Private Sector Conservation Investments under the Endangered Species Act: A Guide to Return on Investment Analysis

Summary

A range of programs under the US Endangered Species Act (ESA) aims to increase management flexibility and encourage voluntary conservation. This paper uses a return on investment framework to examine business’ incentives to participate in such programs.

Key Findings

  • Participation in voluntary ESA programs can trigger a range of immediate and longer-term business costs.
  • Proactive, voluntary conservation can be in the private sector’s interest, particularly when it reduces the probability or cost of future compliance obligations.
  • Participation in voluntary ESA programs can reduce business uncertainties and risks and may help avoid regulation-driven delays to new land uses or other investments.
  • Analysis of participation incentives is relevant to NGO and other conservation advocates interested in encouraging more conservation by the private sector.

Abstract

The US Endangered Species Act (ESA) protects imperiled species by prohibiting harm to listed species and their habitat. Over the last 20 years, the US Fish and Wildlife Service and National Marine Fisheries Service have developed programs to increase management flexibility under the ESA and to encourage voluntary conservation actions by the private sector—above and beyond what is required for ESA compliance. These programs include Candidate Conservation Agreements, Safe Harbor Agreements, and a new Prelisting Conservation Policy, among others. Why would private landowners and firms voluntarily engage in proactive conservation efforts?
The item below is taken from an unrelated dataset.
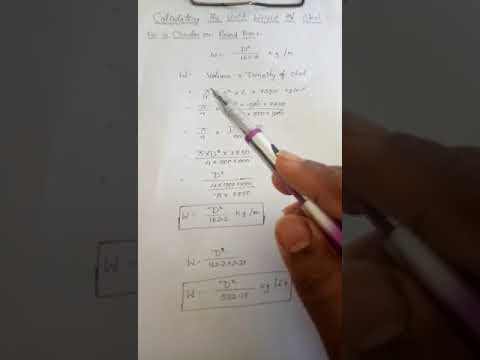 Calculating the Unit Weight of Steel for circular Bar Derivation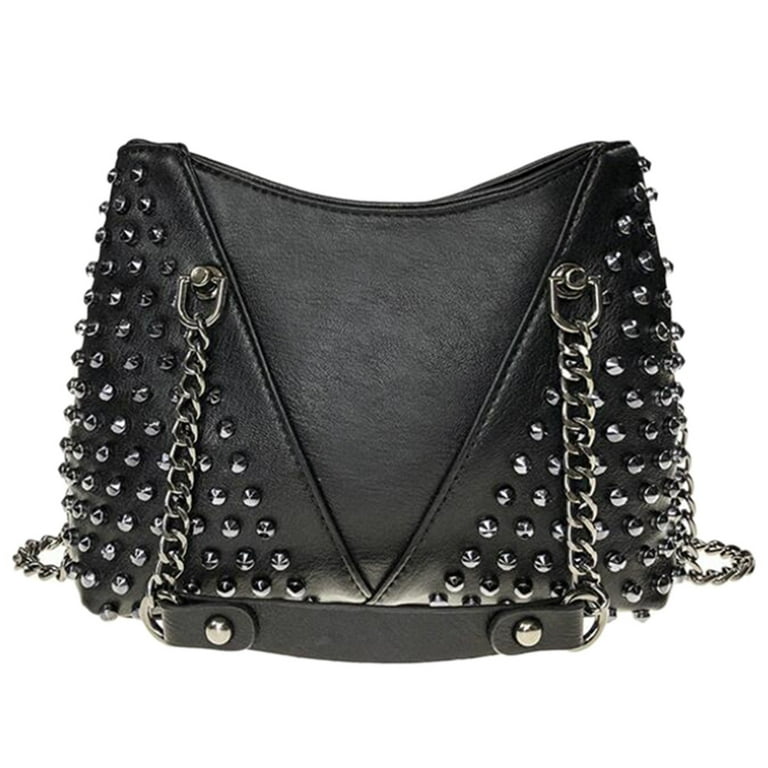 Studded Black Wristlet Clutch Handbag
We address that question by exploring the incentives created by ESA programs, using a return on investment (ROI) framework to identify the costs and benefits of participation. The paper is relevant to firms affected by current or potential species listings. It is also relevant to NGO and government conservation advocates interested in encouraging more conservation by the private sector. The analysis sheds light on factors likely to affect participation, programs’ likely effectiveness, ways to better target partnering or cost-share engagements with the private sector, and the design of future programs to achieve conservation goals.